Most of school Mathematics in New South Wales is headed towards calculus, which is underpinned by a basic idea called the derivative, which is a very fancy, specialised fraction. That's all it is. Yet students will often perform all the algorithms and the processes and determine correct answers to questions without ever developing that underlying concept because they missed it six years earlier. This is problematic because it is the development of that deeper understanding which is actually the point. That relentless hierarchy of learning in the school context has wide ranging implications.

The next question I asked Eddie was the most contentious and the trickiest. Essentially, I wanted to know if Mathematics Anxiety deserved its own DSM-5 entry. Students experience many forms of academic anxiety, but only Mathematics has its own brand.

That’s a great question that gets to the nub of the issue. The answer comes in two parts. Do I think it deserves its own categorical classification as separate from all the other varieties of academic anxiety? I think that's a mistake. Do I still think of it as a useful construct, especially when I'm speaking with students and their parents? Could the term help them to understand what they’re experiencing? Could the term help me to help them? I do think the term can be helpful.

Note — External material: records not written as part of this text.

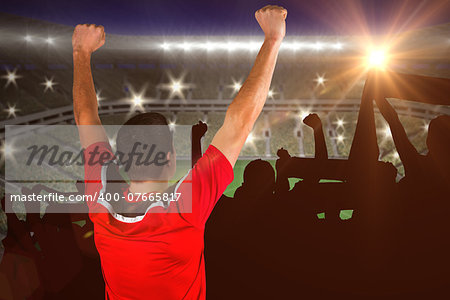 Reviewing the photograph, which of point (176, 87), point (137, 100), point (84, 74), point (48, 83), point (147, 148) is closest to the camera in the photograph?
point (147, 148)

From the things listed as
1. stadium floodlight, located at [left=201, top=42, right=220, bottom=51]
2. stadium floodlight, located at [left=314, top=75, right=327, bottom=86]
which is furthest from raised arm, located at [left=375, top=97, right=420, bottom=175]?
stadium floodlight, located at [left=314, top=75, right=327, bottom=86]

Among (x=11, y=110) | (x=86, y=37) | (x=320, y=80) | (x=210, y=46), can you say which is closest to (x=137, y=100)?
(x=210, y=46)

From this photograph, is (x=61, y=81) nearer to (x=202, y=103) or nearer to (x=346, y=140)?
(x=202, y=103)

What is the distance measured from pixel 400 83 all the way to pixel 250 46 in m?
12.6

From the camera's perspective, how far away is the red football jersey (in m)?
0.75

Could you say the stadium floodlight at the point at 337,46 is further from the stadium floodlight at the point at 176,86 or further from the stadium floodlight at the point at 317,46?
the stadium floodlight at the point at 176,86

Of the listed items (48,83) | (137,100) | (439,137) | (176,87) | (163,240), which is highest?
(48,83)

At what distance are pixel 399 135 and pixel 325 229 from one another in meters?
0.34

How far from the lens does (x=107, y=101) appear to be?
13031mm

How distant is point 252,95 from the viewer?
0.74 metres

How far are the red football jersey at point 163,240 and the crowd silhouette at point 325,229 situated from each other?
10cm

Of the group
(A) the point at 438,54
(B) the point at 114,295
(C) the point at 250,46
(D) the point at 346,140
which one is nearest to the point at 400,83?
(B) the point at 114,295

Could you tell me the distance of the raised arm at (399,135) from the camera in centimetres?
69

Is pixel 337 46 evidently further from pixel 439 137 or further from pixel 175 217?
pixel 175 217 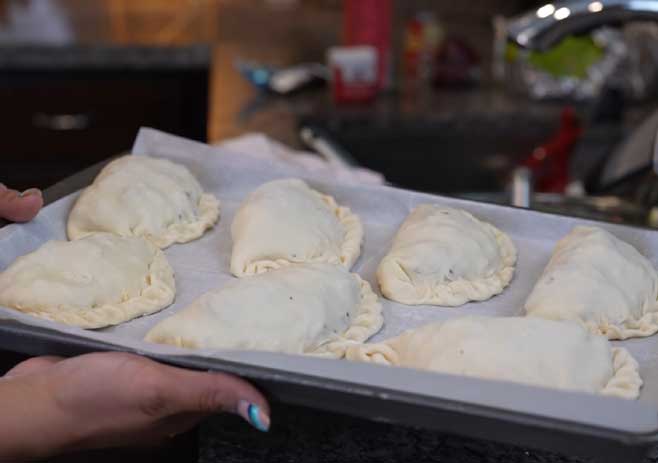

I use the term as a sort of compromise because my priority is to communicate as efficiently as I can. People identify in this way, and then that becomes a gateway to unpacking their experiences in more detail. We can talk about other ways to think about Mathematics, and the way that it's taught can free students from those feelings. After that, we can talk about the fact that this kind of anxiety is one breed among many. We’ve talked about reading aloud in English as similar. Let’s acknowledge that it’s real but without treating it as something that’s categorically different to other anxieties.

The prevalence of anxiety does say something about the way Mathematics is being taught. It’s not a given that students will develop mathematical fluency early and therefore have feelings of competence and confidence. Similarly, it’s not a given that they will develop Mathematics anxiety, but give them time in the right environment and you can guarantee that they will.

Why is that? It’s certainly an issue and we as Mathematics teachers need to own it and admit that we’re clearly doing something systematically wrong here. Other subjects don’t have this problem in the endemic way that we do. Let's call that Mathematics Anxiety and recognise there's a problem that we as Mathematics educators need to tackle.